* What the exercise asks
From the first line to the last, write out the material verbatim.
***
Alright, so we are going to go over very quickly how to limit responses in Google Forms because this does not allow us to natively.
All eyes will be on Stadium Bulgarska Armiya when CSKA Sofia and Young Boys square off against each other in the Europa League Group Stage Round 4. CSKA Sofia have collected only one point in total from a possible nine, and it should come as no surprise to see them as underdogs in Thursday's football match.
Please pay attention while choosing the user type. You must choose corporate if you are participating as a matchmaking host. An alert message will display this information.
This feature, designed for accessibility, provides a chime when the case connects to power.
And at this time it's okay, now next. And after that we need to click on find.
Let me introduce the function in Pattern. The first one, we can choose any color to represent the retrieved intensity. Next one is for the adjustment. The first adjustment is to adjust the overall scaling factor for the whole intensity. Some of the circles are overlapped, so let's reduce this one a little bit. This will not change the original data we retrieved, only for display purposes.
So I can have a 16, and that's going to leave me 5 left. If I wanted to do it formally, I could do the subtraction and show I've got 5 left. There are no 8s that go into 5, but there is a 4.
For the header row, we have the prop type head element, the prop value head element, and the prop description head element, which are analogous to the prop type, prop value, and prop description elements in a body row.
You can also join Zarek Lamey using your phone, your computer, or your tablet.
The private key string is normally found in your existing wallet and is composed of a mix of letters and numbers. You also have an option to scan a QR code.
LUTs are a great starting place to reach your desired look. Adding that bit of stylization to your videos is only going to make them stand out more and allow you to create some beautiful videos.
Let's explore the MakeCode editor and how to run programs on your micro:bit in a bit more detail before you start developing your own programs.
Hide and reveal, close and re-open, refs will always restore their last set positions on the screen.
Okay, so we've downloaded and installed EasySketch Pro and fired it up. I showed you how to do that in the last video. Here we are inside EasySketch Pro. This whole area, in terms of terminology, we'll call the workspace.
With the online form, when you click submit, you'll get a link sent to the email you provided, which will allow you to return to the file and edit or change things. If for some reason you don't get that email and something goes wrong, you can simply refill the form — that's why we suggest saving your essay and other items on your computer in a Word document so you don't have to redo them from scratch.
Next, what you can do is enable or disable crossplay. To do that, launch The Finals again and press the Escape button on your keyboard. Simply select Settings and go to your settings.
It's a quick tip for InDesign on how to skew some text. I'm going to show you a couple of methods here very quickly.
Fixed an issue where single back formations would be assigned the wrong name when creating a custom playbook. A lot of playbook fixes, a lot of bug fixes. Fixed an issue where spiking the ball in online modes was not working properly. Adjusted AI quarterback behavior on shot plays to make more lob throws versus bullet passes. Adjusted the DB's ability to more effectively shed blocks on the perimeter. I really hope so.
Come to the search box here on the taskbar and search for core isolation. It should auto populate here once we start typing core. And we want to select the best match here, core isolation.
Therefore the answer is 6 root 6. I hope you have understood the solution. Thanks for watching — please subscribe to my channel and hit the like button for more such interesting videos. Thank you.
***
* Result of this exercise
Alright, so we are going to go over very quickly how to limit responses in Google Forms because this does not allow us to natively.
All eyes will be on Stadium Bulgarska Armiya when CSKA Sofia and Young Boys square off against each other in the Europa League Group Stage Round 4. CSKA Sofia have collected only one point in total from a possible nine, and it should come as no surprise to see them as underdogs in Thursday's football match.
Please pay attention while choosing the user type. You must choose corporate if you are participating as a matchmaking host. An alert message will display this information.
This feature, designed for accessibility, provides a chime when the case connects to power.
And at this time it's okay, now next. And after that we need to click on find.
Let me introduce the function in Pattern. The first one, we can choose any color to represent the retrieved intensity. Next one is for the adjustment. The first adjustment is to adjust the overall scaling factor for the whole intensity. Some of the circles are overlapped, so let's reduce this one a little bit. This will not change the original data we retrieved, only for display purposes.
So I can have a 16, and that's going to leave me 5 left. If I wanted to do it formally, I could do the subtraction and show I've got 5 left. There are no 8s that go into 5, but there is a 4.
For the header row, we have the prop type head element, the prop value head element, and the prop description head element, which are analogous to the prop type, prop value, and prop description elements in a body row.
You can also join Zarek Lamey using your phone, your computer, or your tablet.
The private key string is normally found in your existing wallet and is composed of a mix of letters and numbers. You also have an option to scan a QR code.
LUTs are a great starting place to reach your desired look. Adding that bit of stylization to your videos is only going to make them stand out more and allow you to create some beautiful videos.
Let's explore the MakeCode editor and how to run programs on your micro:bit in a bit more detail before you start developing your own programs.
Hide and reveal, close and re-open, refs will always restore their last set positions on the screen.
Okay, so we've downloaded and installed EasySketch Pro and fired it up. I showed you how to do that in the last video. Here we are inside EasySketch Pro. This whole area, in terms of terminology, we'll call the workspace.
With the online form, when you click submit, you'll get a link sent to the email you provided, which will allow you to return to the file and edit or change things. If for some reason you don't get that email and something goes wrong, you can simply refill the form — that's why we suggest saving your essay and other items on your computer in a Word document so you don't have to redo them from scratch.
Next, what you can do is enable or disable crossplay. To do that, launch The Finals again and press the Escape button on your keyboard. Simply select Settings and go to your settings.
It's a quick tip for InDesign on how to skew some text. I'm going to show you a couple of methods here very quickly.
Fixed an issue where single back formations would be assigned the wrong name when creating a custom playbook. A lot of playbook fixes, a lot of bug fixes. Fixed an issue where spiking the ball in online modes was not working properly. Adjusted AI quarterback behavior on shot plays to make more lob throws versus bullet passes. Adjusted the DB's ability to more effectively shed blocks on the perimeter. I really hope so.
Come to the search box here on the taskbar and search for core isolation. It should auto populate here once we start typing core. And we want to select the best match here, core isolation.
Therefore the answer is 6 root 6. I hope you have understood the solution. Thanks for watching — please subscribe to my channel and hit the like button for more such interesting videos. Thank you.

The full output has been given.